Film History Essentials: La Lune à un Mètre (1898)
(English: The Astronomer’s Dream)
It would be easy to overstate the contrast between the increasing sophistication of Georges Méliès’s fantastical films and almost anything else that was being made at the time. By the beginning of 1898, a few other filmmakers were experimenting with some of the same ideas and techniques, but Méliès had been developing his style and skills for nearly two years. Fundamentally though, no one else was yet attempting the kinds of movies that Méliès was starting to specialize in, and certainly not on the same scale. He had a recognizable artistic vision unlike that of any other 19th century filmmaker.
This may have had something to do with Méliès’s unique role (among other filmmakers of his day) as someone who was primarily an entertainer, rather than primarily an inventor, or an engineer, or a photographer, etc. What’s more he already owned a theater, and had connections with (and even employed) other performers. Presumably he also already had facilities for, and experience in, making sets and props. In addition, as one of the few filmmakers who was also exhibiting his own films (in his own theater), he would have had direct insight into what audiences were responding to.
Given all of that, it should come as no surprise that La Lune à un Mètre is reportedly based on a magic act that he had staged several years earlier, called “Les Farces de la Lune ou les Mésaventures de Nostradamus.” Of course Méliès himself plays the astronomer with his characteristic animation and energy, and Jeanne d’Alcy is “Phoebe,” the good fairy. This adaptation (which may only have been “loosely inspired by” the earlier show) seems short for a magic act, but it was still long for a motion picture. At over three minutes, it was among the longest of the hundreds of films released in 1898, and its stage magic origins are fully visible in the many and varied tricks that it employs.
Why you should see it:
Méliès continues to use the stop trick to great effect throughout this film. The trick is not really possible to disguise. It’s inherently obvious because the point of it is usually to make something visibly appear or disappear on the screen. However, Méliès’s execution of the trick is increasingly seamless. He has eliminated all but the smallest movements between edits, and often shoots the trick in such a way that any slight shifts are rendered invisible. For instance, there is a moment where the astronomer rushes forward to embrace the beautiful moon goddess, only to collide with a statue of a knight that suddenly appears in front of him. Any shifts that happened between one moment and the next are disguised, not only by the fact that the scene picks up with the completion of the astronomer’s motion after the stop, but by fact that an entire section of the set changes behind him as well.
When Méliès made Le Manoir du Diable in 1896, it was little more than a showcase for a whole series of stop tricks.

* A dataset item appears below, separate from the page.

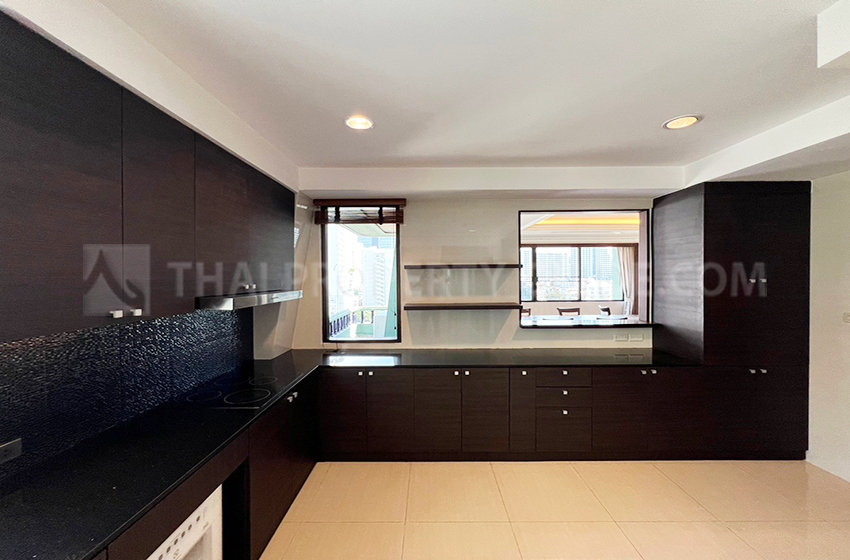 Penthouse in Ploenchit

Here, though, the real spectacle is provided by the elaborate sets and costumes, and particularly by the enormous moon puppet, with a mouth that opens and closes (and both consumes and disgorges!), and eyes and eyebrows that move independently. There is also the smaller, and slightly less elaborate, moon puppet that gives the illusion of the moon having moved back from the balcony. And there is what seems to be the smallest puppet of all, near the beginning, when the astronomer’s chalk drawing appears to animate. This is a particularly good illusion, as it does actually at first look like it is an animation effect of some kind.

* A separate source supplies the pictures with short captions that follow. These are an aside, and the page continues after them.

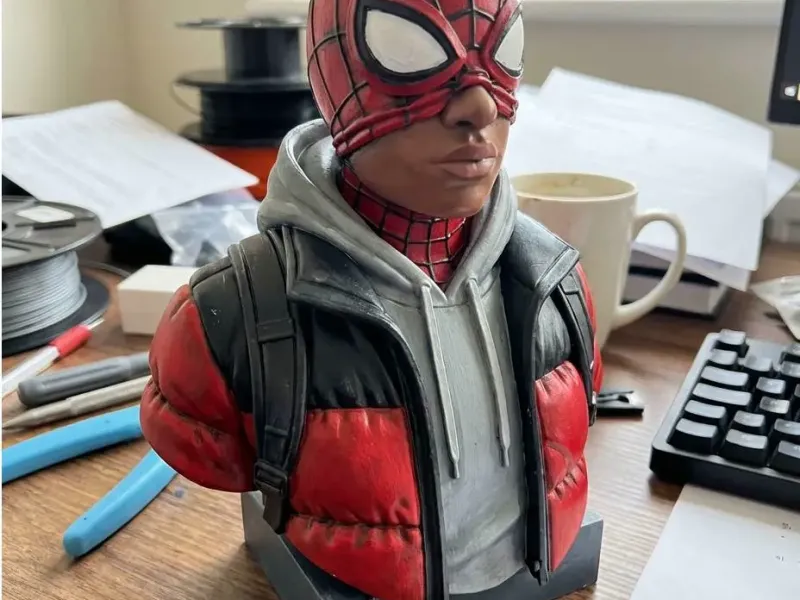Spider-Man Miles Morales Büste | Daunenjacke Streetwear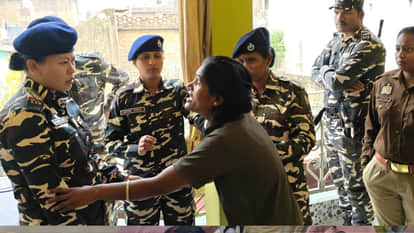 In Maharajganj, the husband of a female SSB jawan committed suicide along with his two children.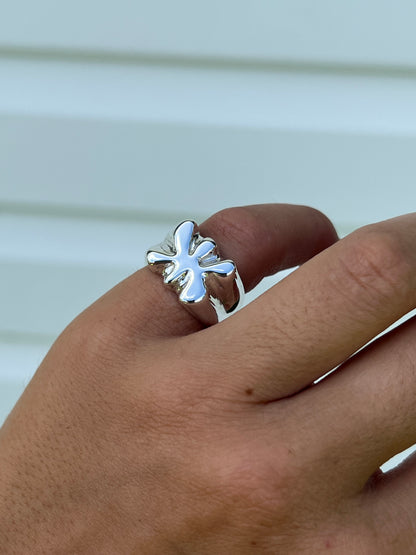 Flower Signet | J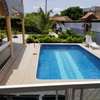 VILLA AVEC 5 STUDIOS ET DEUX APPARTEMENTS / Saly thumb 1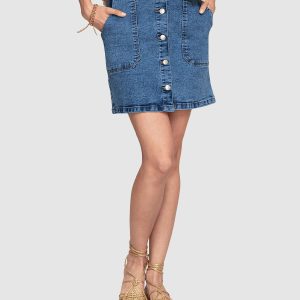 Falda corta con botones y bolsillos tipo parche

Of all the tricks the film employs, though, the final one is certainly the most impressive. After the astronomer has been chewed up and spit back out in several pieces by the moon, the good fairy reappears to banish the devil and rescue him. As the fairy throws each piece of the astronomer’s body back into the moon’s mouth, they reappear in the chair on the right side of the frame, reassembling him piece by piece until she walks forward to reattach his right arm herself and return him fully to life. The effect works because the fake pieces of the astronomer’s body are very lifelike (particularly the head), and because each piece appears in the chair with virtually no detectable change to the rest of the scene. It is either an incredibly skillful use of the stop trick, or a double exposure, but either way it is incredibly effective.